For Wisconsin I would want hopper resistance. WL 453LH looks good. It also has Phytophthora and Aphanomyces Something that might come in handy.
But it does not have any aphid resistance. If you are also interested in aphid resistance AmeriStand 409LH is highly resistant to the Pea Aphid.


----------



## endrow (Dec 15, 2011)

AQHACWBY said:


> I am in western wisconsin, medium clay soil.
> What variety of alfalfa and grass seed is best for this area.
> I use the hay for mostly horses.
> I like a 70% alfalfa to 30% grass mix.
> ...


Agree we have also found you must use a thin stem variety alfalfa to get good baled hay ..your mix sounds good as well


----------



## hay wilson in TX (Jan 28, 2009)

Alfalfa cut in the early bud stage, HERE, still has the thin stem.
Your Dan Ubdersander likes a short duration for alfalfa. First and second season alfalfa is out finest stems with goo yield. By the third season the stand has thinned down resulting in a thicker stem for the same yield of hay.

HERE, we have shorter growing alfalfa and a thin stem, I believe due to our shorter day (14 hours) during the growing season is the reason for the shorter growth and thin stems.

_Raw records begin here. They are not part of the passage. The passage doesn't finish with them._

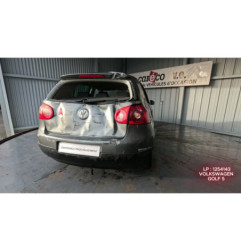 Capot VOLKSWAGEN GOLF 5 Photo n°9
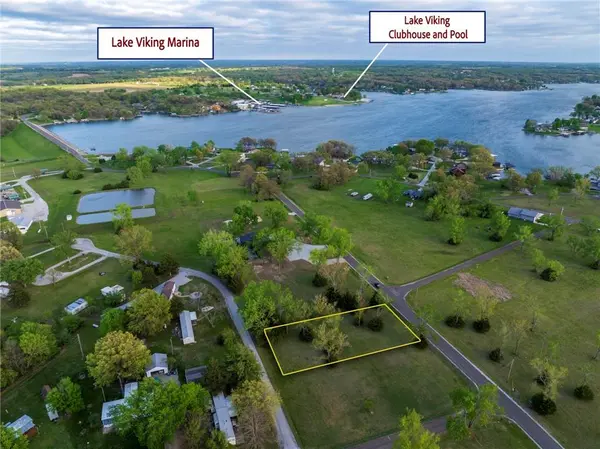 Lot 2240 Lake Viking TER, Gallatin, MO 64640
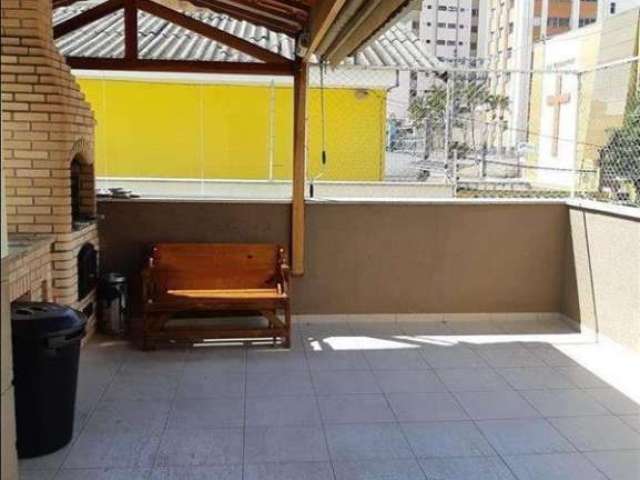 Apartamento com 2 quartos à venda no Lauzane Paulista, São Paulo , 53 m2 por R$ 372.340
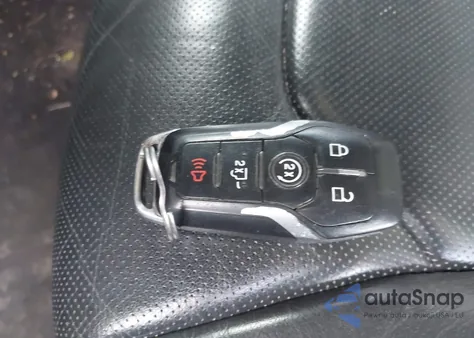 2017 Ford F-150 Platinum from USA, damaged, VIN 1FTEW1EG7HFA48149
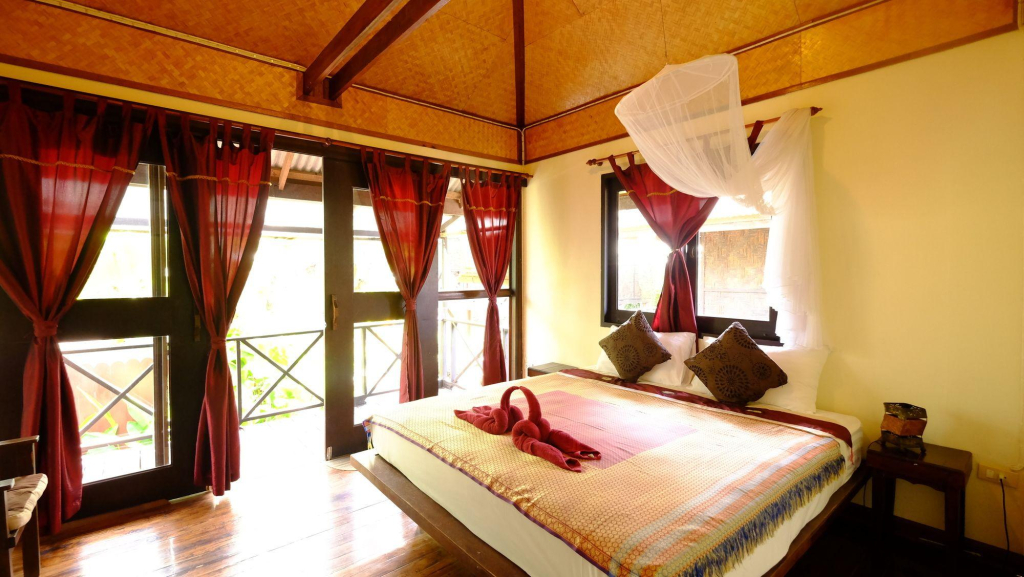 Fruit Tree Lodge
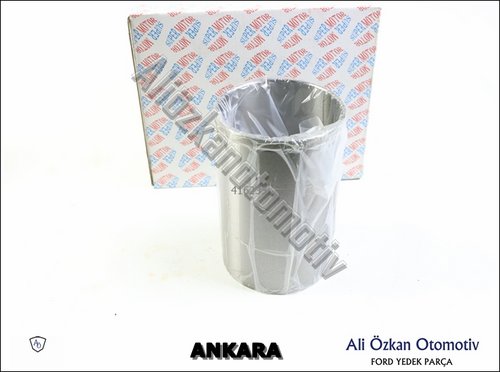 GÖMLEK - STD (Ø:84.80 mm)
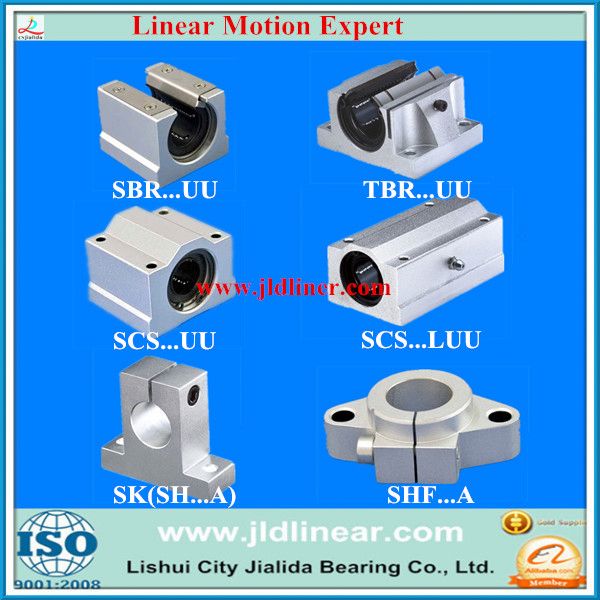 JLD Professional Manufacturer SCS30LUU-滑り軸受問屋・仕入れ・卸・卸売り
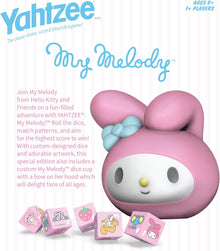 Yahtzee - My Melody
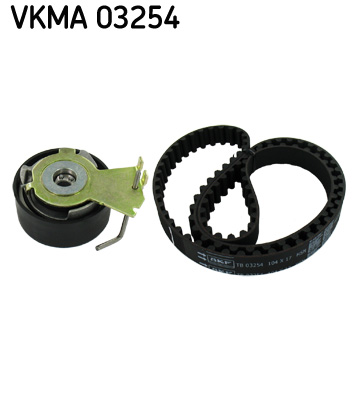 Timing Belt Set - VKMA 03254 SKF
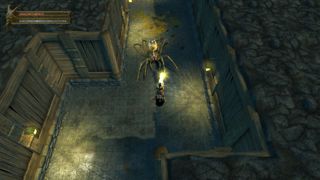 Baldur's Gate: Dark Alliance Screenshot 7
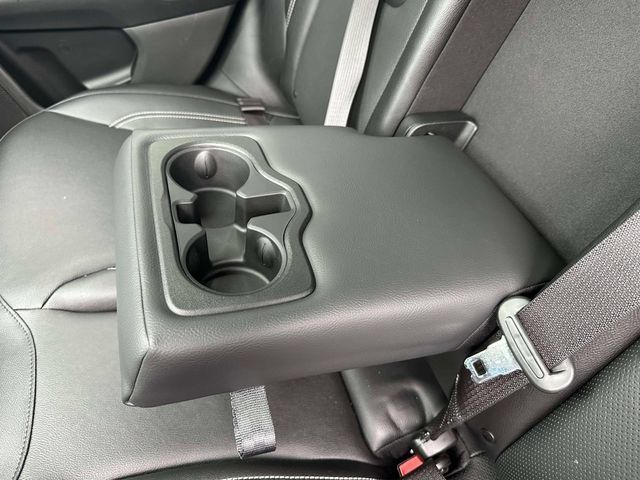 Used 2023 Jeep Compass High Altitude AWD/4WD image 12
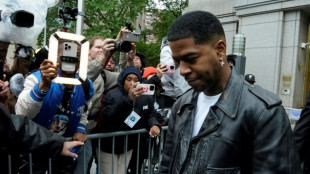 El juicio a Sean "Diddy" Combs, un man&aacute; para influencers
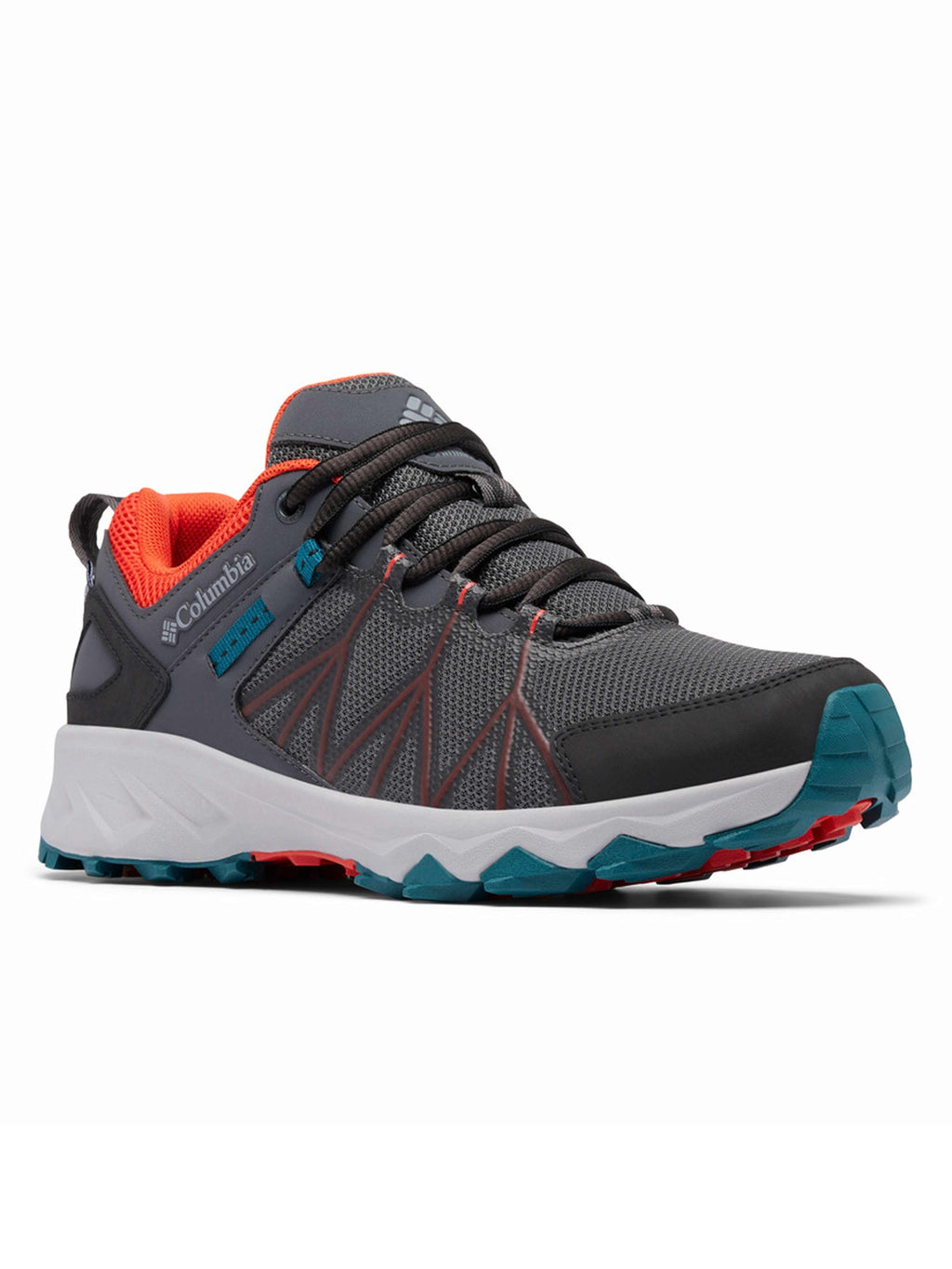 COLUMBIA Обувки PEAKFREAK II OUTDRY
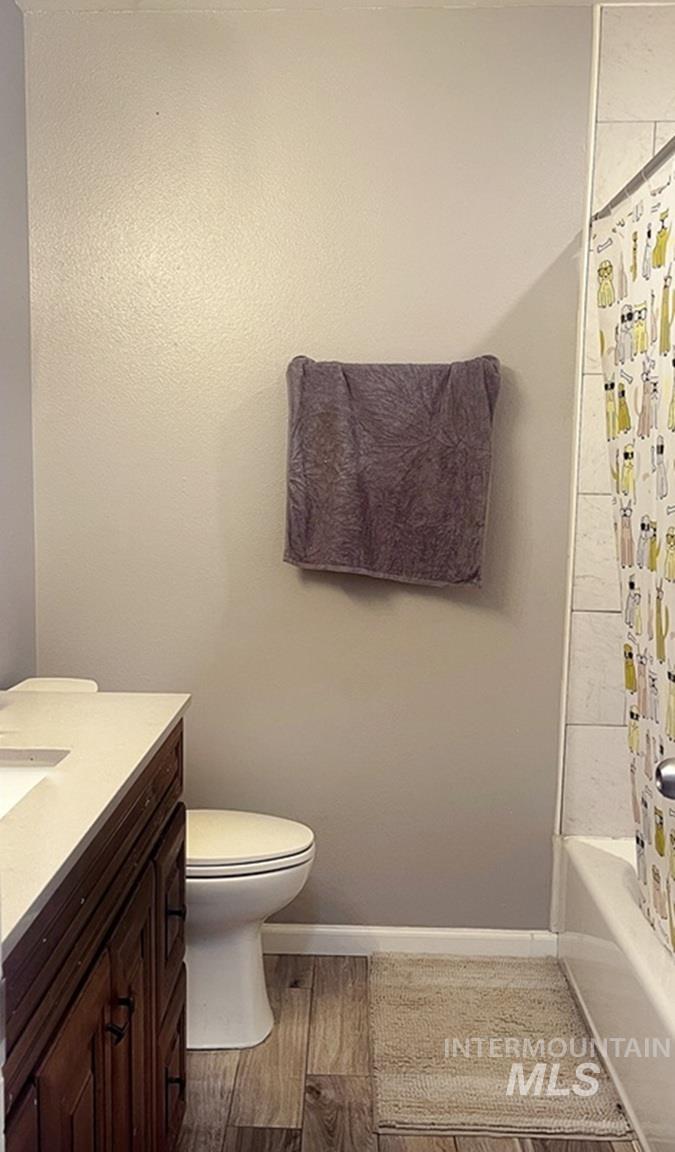 203 Hudson Avenue, Nampa, Idaho 83651, 3 Bedrooms, 2 Bathrooms, Residential For Sale, Price $329,900,MLS 98978857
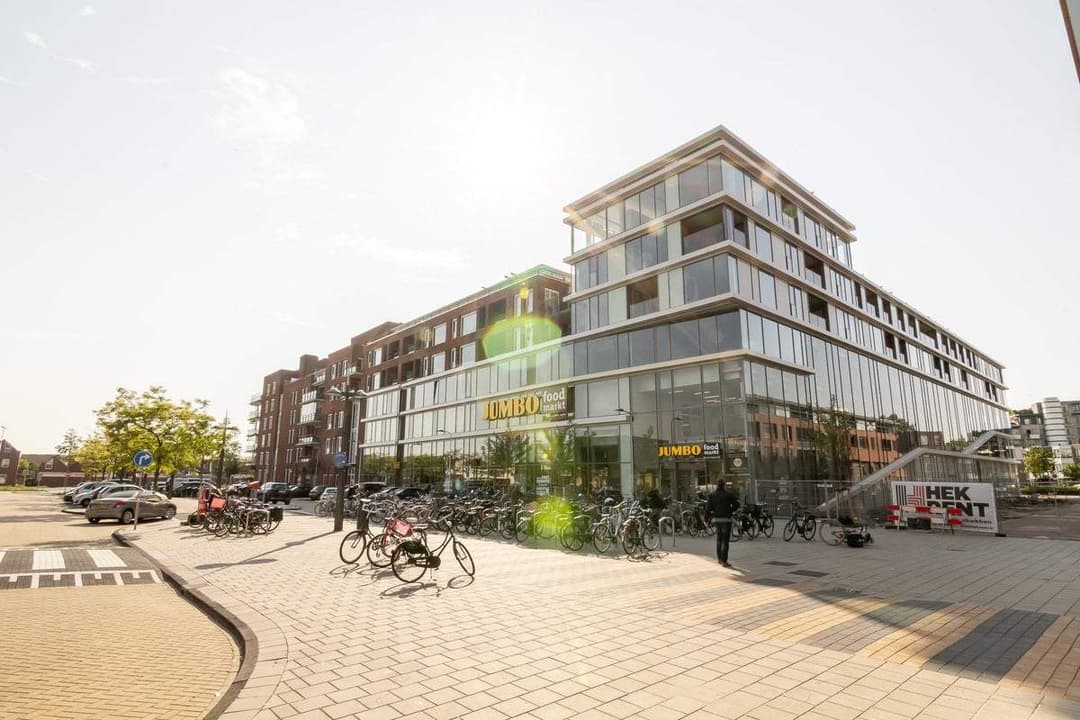 Apartamento Simon v Slingerlandtstraat, Naaldwijk - En Alquiler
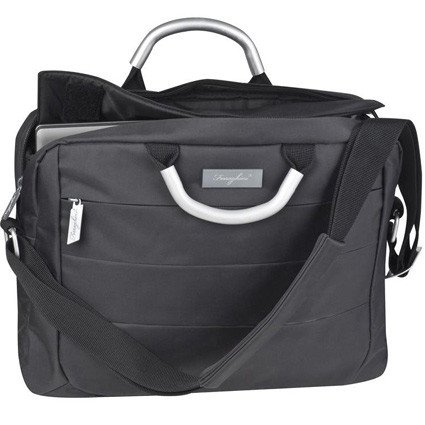 Laptoptasche aus hochwertigem Mikrofaser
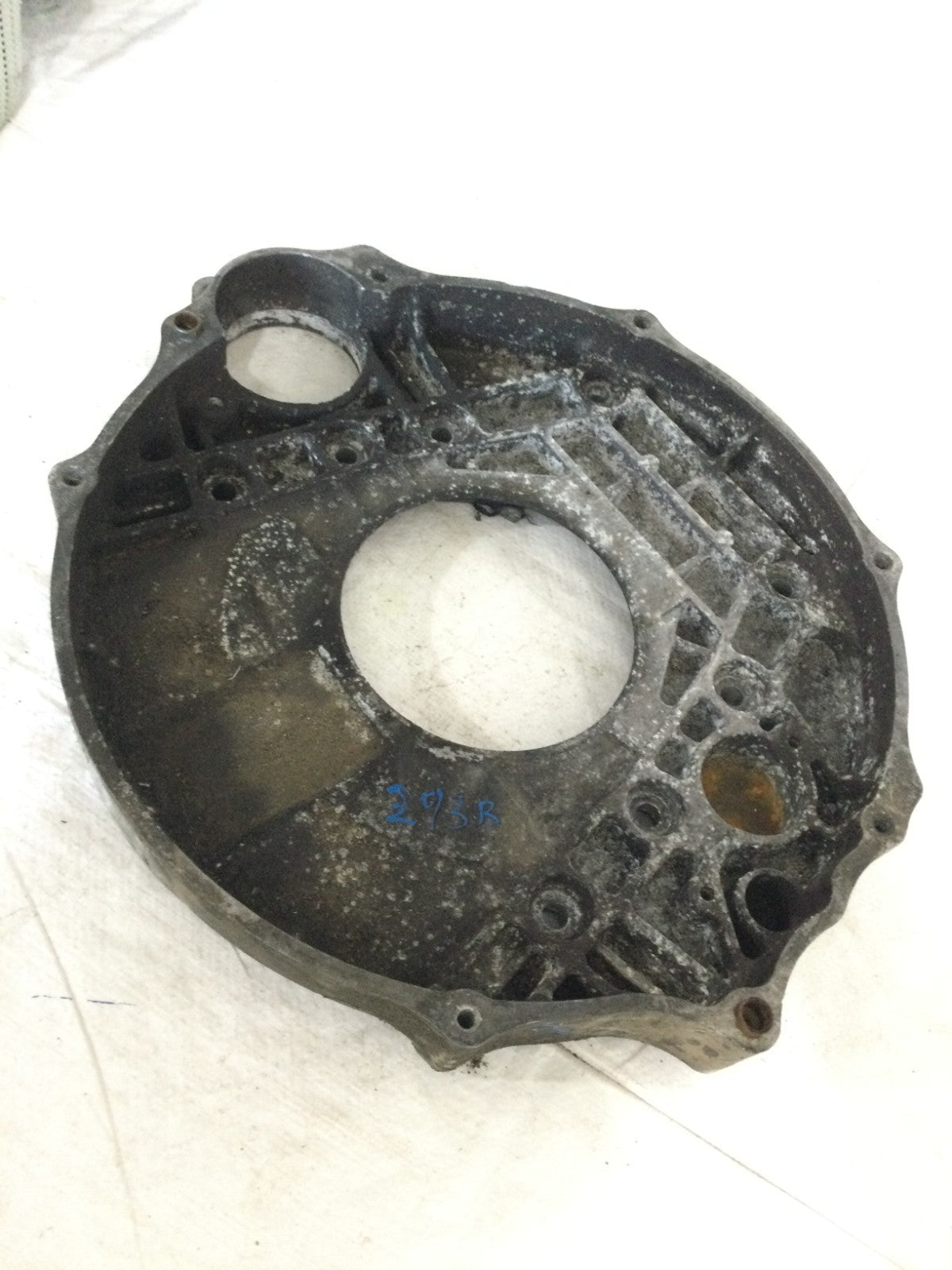 2005 Dodge Ram 2500 5.9L Adapter Plate OEM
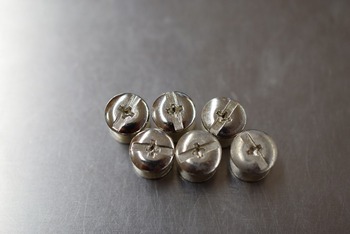 レインボーカントリー　ベルト用ネジ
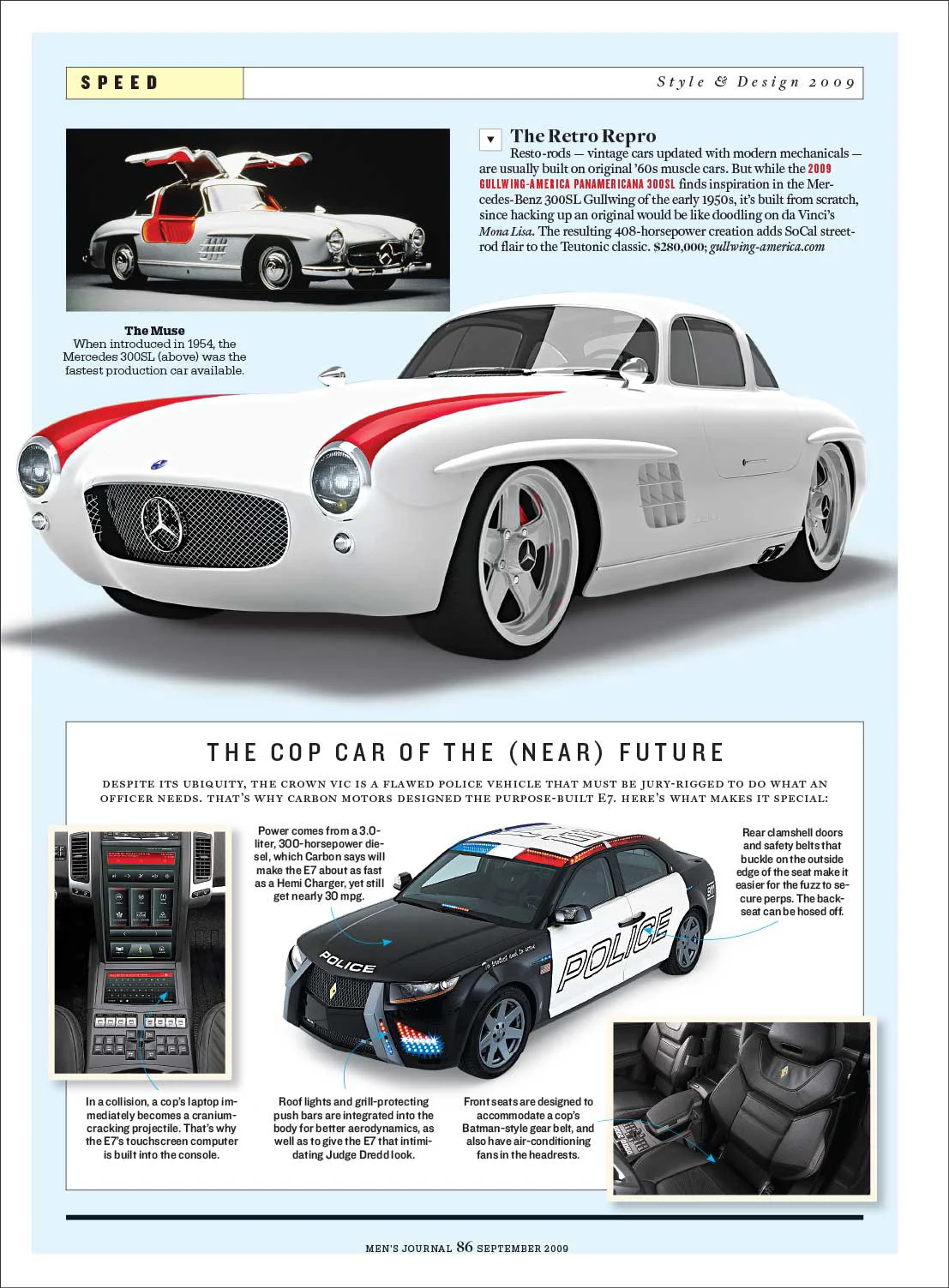 Men's Journal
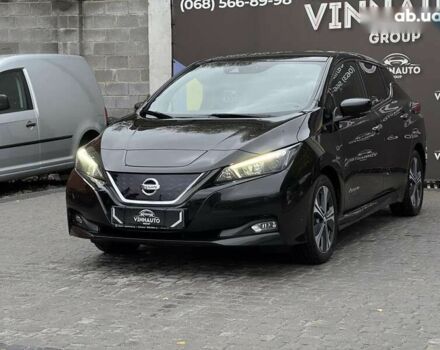 Ніссан Ліф, об'ємом двигуна 0 л та пробігом 140 тис. км за 11700 $, фото 5 на Automoto.ua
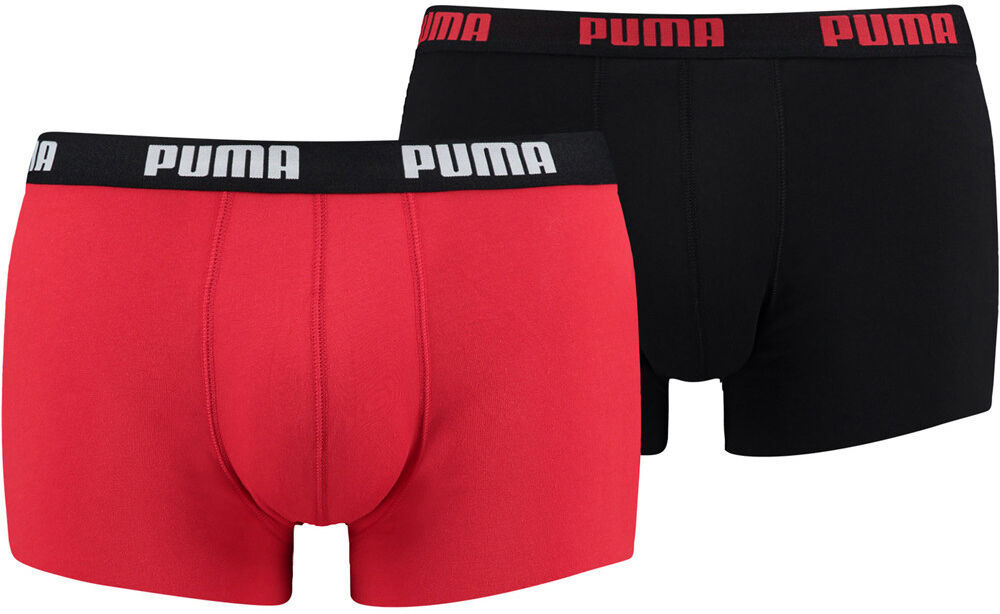 Puma basic boxer 2p boxer  (M)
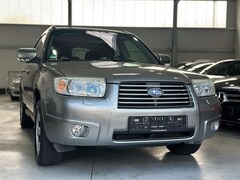 Bild des Angebotes Subaru Forester 2.0 X 4X4 Automatik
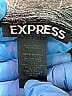 Express Gray Active Pants Size XS - photo 4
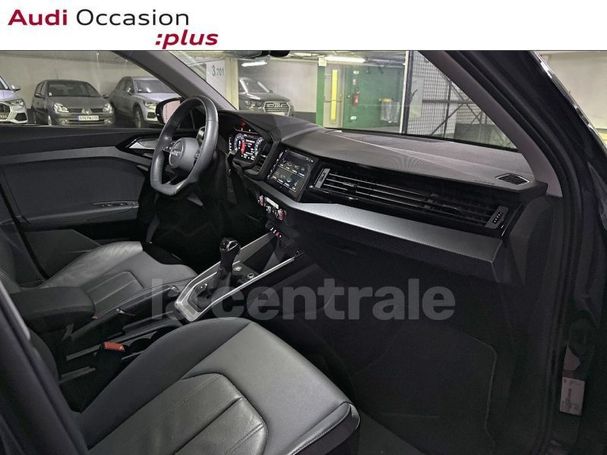 Audi A1 25 TFSI S tronic 70 kW image number 22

In a good growing year we can start cutting the last week of March. In a typical growing year the first field is usually cut by mid April. This year we will be fortunate to start cutting in May.

Time will tell.

My rotation is to plow out after the 5 th season. Plant a different field back to alfalfa each September.


----------



## AQHACWBY (Feb 6, 2012)

Thanks everyone,
Hay wilson, I too go to a 5 -6 year rotation.
I am just coming off a two year corn/soybean rotation.
I believe I will go with the WL353LH @ 16.5 lbs per/acre
And mix in Timothy @ 5 lbs/acre
And Orchard grass @ 5 lbs/acre.
I was told that in the 4th year, I could alway thicken the tonnage up by drilling a type of rye grass in. Any thoughts on that ?

I talked to a few reps and they all agree that we don't have much of a pea aphid problem here.


----------



## hay wilson in TX (Jan 28, 2009)

Pest are where you find them. I am understandably nervous about the Pea Aphid. In the 1960's the pea aphid found things to their liking and about finished any interest in alfalfa, here in Central Texas. Fortunately New Mexico had come up with Moapa, a new variety that had some resistance to the pea aphid.
We always have had problems with Root Rot, due to our heavy soil and periodic flooding. Our usual climate is a drought, with periodic flooding. My father called it drowning. I later learned to call it wet foot root rot. I still like Wet Foot as it is easier to spell than Phytophthora. K
You have one of the top alfalfa Extension Specialist, Dan Undersander. [email protected] If you want some good information about alfalfa ask him. Not knocking sales representatives but I have found they only want to sell the grower what they have on their floor. Something that they have been sold and that is what they want to sell to us. 
Some years ago AFGC held their annual Conference at Madison. A real contrast between Wisconsin and Texas in July. Most refreshing, as well as interesting.


----------